Banu İşlet’in transliterasyonu, Ozan Çoban ve Güneş Demir’in bestesi, Nâzım Soylu’nun klibiyle yayımlanan “Bugün Mayıs 1” adlı marş, DİSK’in sosyal medya hesabında paylaşıldı.
🎶🎵TÜSTAV’ın gün ışığına çıkardığı Nazım Hikmet’in sözleri, Banu İşlet’in transliterasyonu, Ozan Çoban ve Güneş Demir’in bestesi ve Nazım Soylu’nun klibiyle “Bugün Mayıs 1”
👏 Alkışlar @cobanozan @gunes__demir @tustav92 @BanuIslet ve @nazimsoylu için
📺 https://t.co/bj7M6eAitm— DİSK (@diskinsesi) April 25, 2021
O şiir geçen yıl gün yüzüne çıkarılmıştı
Nâzım Hikmet’in 1925 tarihli “İstanbul’da 1 Mayıs” isimli şiiri uzun süre Osmanlıca bir el yazması olarak TÜSTAV’ın (Türkiye Sosyal Tarih Araştırma Vakfı) Komintern arşivinde bekledi. Şiir, Banu İşlet tarafından Türkçeye çevrildi.

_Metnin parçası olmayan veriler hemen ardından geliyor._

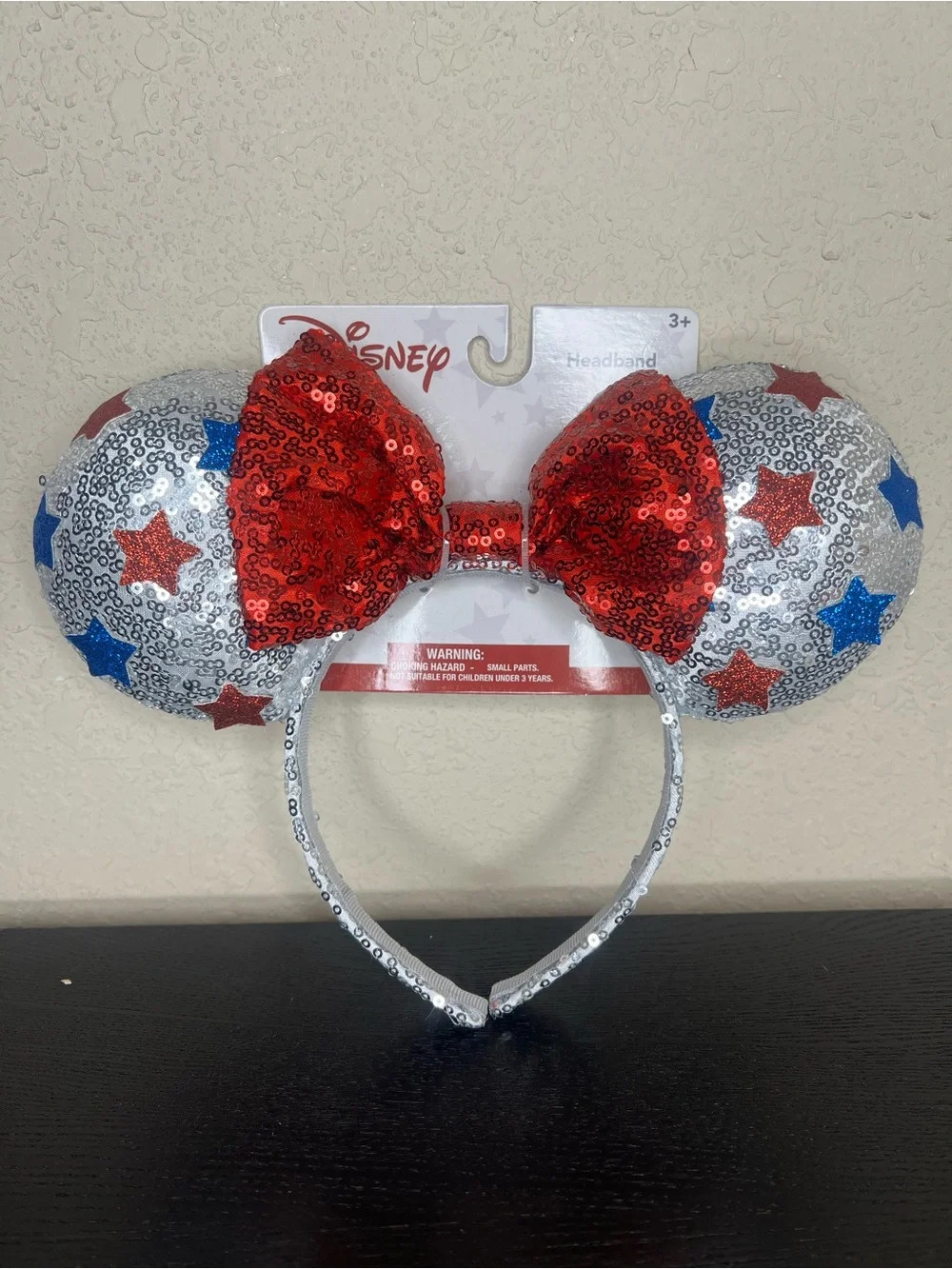 NEW Disney 4th of July/USA Silver Sequin Minnie Mouse Ears Headband | Poshmark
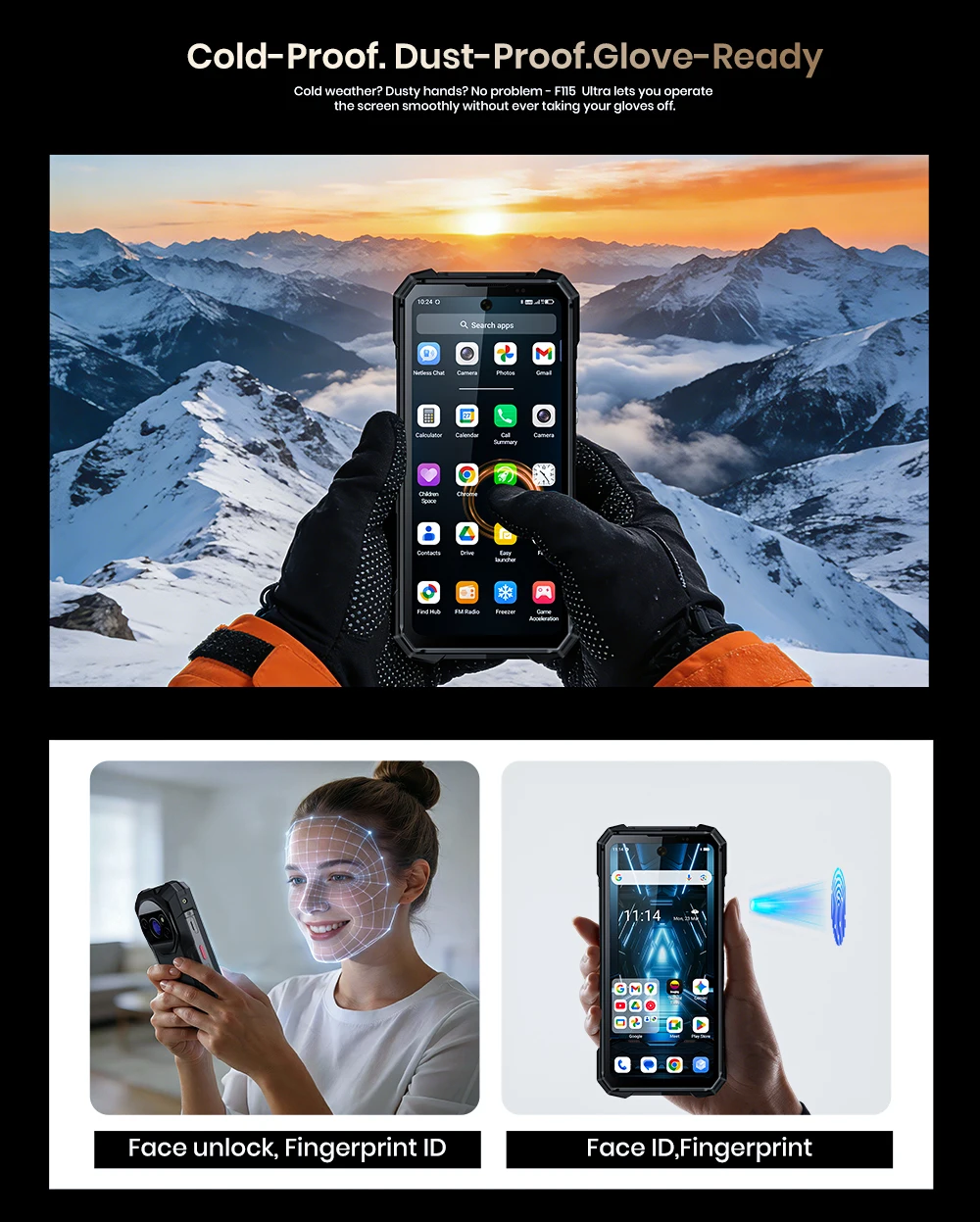 FOSSiBOT F115 UItra 36GB(12+24)RAM+256GB Android 16 20000mAh 64MP Night Vision Camera World's First Triple Vision Rugged Phone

1925 yılında İstanbul’da gerçekleşen 1 Mayıs yürüyüşünü konu edinen “İstanbul’da 1 Mayıs” şiirinde Nâzım Hikmet, işçilerin sanayi bölgelerinden ve yoksul mahallelerden yürüyerek şehir merkezine gelişini anlatıyor.
İstanbul’da 1 Mayıs
Kıpkızıl, kan kırmızı bayraklarımızın alevinden
Sarı kursak bir balon gibi soldu güneş.
Ciğerlerimizde şişen türküler ateş!
Kol kola
Düştük yola
Yedikule’den amele evleri Sirkeci’ye dayandı,
Karagümrük kırmızıya boyandı.
Kasımpaşa tersaneyi yüklendi sırtına,
Geçtik köprüden
Geliyoruz: Yol ver bize Cadde-i Kebir!
Kaldırımları söken topuklarımızla
Tokatlıyan’da göbekli mebusları tokatladık.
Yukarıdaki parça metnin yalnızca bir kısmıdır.